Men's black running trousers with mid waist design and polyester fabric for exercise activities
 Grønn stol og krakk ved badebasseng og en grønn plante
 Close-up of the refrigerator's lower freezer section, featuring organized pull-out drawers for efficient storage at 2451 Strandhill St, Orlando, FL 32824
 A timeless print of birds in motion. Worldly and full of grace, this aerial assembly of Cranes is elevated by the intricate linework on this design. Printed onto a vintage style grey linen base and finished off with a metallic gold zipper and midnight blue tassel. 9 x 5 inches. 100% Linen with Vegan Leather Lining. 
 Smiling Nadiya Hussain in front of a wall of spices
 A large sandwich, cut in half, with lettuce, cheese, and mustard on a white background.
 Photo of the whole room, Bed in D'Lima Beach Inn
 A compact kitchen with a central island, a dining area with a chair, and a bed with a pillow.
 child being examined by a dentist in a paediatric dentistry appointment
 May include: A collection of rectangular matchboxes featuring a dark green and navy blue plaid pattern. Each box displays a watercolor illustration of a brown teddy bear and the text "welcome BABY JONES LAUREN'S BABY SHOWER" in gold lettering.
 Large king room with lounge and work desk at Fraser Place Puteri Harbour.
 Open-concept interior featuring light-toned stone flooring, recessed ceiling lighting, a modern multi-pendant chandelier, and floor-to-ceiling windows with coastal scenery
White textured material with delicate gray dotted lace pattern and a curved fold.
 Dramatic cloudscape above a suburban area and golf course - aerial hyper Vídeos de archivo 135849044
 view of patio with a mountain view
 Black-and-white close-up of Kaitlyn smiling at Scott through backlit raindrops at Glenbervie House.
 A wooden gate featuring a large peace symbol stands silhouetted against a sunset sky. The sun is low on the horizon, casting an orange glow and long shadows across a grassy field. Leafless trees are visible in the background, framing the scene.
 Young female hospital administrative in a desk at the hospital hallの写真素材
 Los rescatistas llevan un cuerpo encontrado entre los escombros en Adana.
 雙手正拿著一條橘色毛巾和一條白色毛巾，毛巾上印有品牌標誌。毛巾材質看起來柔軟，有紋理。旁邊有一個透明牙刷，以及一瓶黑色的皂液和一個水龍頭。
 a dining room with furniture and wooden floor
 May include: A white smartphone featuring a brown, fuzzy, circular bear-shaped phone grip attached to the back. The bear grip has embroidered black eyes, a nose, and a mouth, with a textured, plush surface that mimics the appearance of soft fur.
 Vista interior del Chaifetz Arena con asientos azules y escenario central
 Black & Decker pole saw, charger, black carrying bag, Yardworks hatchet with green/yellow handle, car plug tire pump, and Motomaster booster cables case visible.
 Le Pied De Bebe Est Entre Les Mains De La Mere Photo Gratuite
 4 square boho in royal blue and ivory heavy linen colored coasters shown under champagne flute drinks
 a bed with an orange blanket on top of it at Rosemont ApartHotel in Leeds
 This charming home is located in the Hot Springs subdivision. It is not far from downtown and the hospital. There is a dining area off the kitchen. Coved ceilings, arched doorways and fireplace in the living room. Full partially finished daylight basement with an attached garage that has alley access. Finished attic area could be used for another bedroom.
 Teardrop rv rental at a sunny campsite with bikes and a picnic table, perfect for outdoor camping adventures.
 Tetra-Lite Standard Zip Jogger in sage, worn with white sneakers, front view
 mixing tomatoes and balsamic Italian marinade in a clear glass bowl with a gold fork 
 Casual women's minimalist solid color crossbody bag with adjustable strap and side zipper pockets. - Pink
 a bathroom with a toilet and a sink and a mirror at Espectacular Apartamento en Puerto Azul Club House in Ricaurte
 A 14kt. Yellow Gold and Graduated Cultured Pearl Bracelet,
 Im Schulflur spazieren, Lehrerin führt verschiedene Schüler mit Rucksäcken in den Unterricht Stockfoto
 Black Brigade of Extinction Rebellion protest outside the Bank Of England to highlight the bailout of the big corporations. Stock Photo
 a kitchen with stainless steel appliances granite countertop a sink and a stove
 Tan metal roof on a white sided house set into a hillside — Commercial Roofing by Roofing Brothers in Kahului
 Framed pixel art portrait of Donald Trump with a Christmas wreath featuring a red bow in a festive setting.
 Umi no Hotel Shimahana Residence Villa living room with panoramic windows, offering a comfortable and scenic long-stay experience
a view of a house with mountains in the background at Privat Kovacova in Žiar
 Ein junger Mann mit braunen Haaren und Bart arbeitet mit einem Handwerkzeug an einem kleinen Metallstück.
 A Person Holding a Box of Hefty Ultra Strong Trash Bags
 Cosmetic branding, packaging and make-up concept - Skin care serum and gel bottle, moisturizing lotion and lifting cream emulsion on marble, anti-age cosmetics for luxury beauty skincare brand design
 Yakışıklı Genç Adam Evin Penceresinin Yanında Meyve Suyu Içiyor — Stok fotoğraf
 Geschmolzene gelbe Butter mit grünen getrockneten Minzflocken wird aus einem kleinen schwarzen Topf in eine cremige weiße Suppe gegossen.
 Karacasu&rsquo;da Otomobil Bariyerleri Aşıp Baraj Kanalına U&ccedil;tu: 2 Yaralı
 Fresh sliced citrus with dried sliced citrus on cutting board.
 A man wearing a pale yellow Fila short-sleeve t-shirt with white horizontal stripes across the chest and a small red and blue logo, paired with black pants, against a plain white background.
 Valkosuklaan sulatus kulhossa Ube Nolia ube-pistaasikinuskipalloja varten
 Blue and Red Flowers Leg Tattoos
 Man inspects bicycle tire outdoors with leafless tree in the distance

--- --- ---

TO DO: There is a line with "A large sandwich, cut" and a line with "Young female hospital" above. Copy exactly those two lines and all lines between them, with nothing else.

SOLUTION BELOW:
 A large sandwich, cut in half, with lettuce, cheese, and mustard on a white background.
 Photo of the whole room, Bed in D'Lima Beach Inn
 A compact kitchen with a central island, a dining area with a chair, and a bed with a pillow.
 child being examined by a dentist in a paediatric dentistry appointment
 May include: A collection of rectangular matchboxes featuring a dark green and navy blue plaid pattern. Each box displays a watercolor illustration of a brown teddy bear and the text "welcome BABY JONES LAUREN'S BABY SHOWER" in gold lettering.
 Large king room with lounge and work desk at Fraser Place Puteri Harbour.
 Open-concept interior featuring light-toned stone flooring, recessed ceiling lighting, a modern multi-pendant chandelier, and floor-to-ceiling windows with coastal scenery
White textured material with delicate gray dotted lace pattern and a curved fold.
 Dramatic cloudscape above a suburban area and golf course - aerial hyper Vídeos de archivo 135849044
 view of patio with a mountain view
 Black-and-white close-up of Kaitlyn smiling at Scott through backlit raindrops at Glenbervie House.
 A wooden gate featuring a large peace symbol stands silhouetted against a sunset sky. The sun is low on the horizon, casting an orange glow and long shadows across a grassy field. Leafless trees are visible in the background, framing the scene.
 Young female hospital administrative in a desk at the hospital hallの写真素材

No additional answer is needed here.